Stored records:
========================================

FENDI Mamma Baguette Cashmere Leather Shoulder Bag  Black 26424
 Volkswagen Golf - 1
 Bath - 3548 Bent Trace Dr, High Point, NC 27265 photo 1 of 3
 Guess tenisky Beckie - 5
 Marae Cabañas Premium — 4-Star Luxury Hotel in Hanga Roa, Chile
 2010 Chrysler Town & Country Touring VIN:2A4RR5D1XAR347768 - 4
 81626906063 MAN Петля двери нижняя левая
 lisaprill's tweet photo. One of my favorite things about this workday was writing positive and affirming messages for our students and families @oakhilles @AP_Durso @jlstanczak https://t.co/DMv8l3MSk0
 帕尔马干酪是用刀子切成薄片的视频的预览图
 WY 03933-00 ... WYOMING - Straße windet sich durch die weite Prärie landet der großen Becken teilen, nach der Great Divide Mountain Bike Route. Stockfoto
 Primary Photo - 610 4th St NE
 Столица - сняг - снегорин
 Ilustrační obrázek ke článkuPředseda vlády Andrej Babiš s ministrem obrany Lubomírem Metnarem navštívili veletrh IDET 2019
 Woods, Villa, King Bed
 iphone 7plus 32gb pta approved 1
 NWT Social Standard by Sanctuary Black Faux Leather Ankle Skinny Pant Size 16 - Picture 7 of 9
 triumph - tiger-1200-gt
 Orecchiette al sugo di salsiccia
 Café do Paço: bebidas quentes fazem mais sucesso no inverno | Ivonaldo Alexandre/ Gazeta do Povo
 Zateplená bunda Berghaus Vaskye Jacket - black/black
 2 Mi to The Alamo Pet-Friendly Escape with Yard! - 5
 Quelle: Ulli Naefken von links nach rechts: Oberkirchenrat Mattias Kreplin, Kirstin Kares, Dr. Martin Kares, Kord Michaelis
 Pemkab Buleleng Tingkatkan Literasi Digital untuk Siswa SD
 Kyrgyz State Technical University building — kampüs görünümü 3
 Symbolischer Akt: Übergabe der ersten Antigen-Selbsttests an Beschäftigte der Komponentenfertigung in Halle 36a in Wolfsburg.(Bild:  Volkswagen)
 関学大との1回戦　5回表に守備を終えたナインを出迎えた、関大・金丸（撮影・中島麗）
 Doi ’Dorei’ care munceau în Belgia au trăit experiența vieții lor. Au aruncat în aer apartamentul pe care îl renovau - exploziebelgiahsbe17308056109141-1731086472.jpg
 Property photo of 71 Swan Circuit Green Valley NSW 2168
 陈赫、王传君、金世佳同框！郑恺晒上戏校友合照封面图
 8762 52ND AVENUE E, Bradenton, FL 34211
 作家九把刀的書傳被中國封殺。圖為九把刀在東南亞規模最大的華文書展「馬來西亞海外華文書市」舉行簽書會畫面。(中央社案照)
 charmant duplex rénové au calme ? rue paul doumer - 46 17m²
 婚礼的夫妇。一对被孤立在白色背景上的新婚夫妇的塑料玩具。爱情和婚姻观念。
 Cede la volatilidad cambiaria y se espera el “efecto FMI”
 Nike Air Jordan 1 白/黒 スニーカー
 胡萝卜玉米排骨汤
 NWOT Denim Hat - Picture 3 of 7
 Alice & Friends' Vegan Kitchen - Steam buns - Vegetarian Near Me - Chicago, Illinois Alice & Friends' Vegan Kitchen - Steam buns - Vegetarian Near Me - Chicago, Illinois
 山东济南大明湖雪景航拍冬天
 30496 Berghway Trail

========================================

About this exercise: Copy each line in the entries above where "Volkswagen" turns up.

Exercise solution:
 Volkswagen Golf - 1
 Symbolischer Akt: Übergabe der ersten Antigen-Selbsttests an Beschäftigte der Komponentenfertigung in Halle 36a in Wolfsburg.(Bild:  Volkswagen)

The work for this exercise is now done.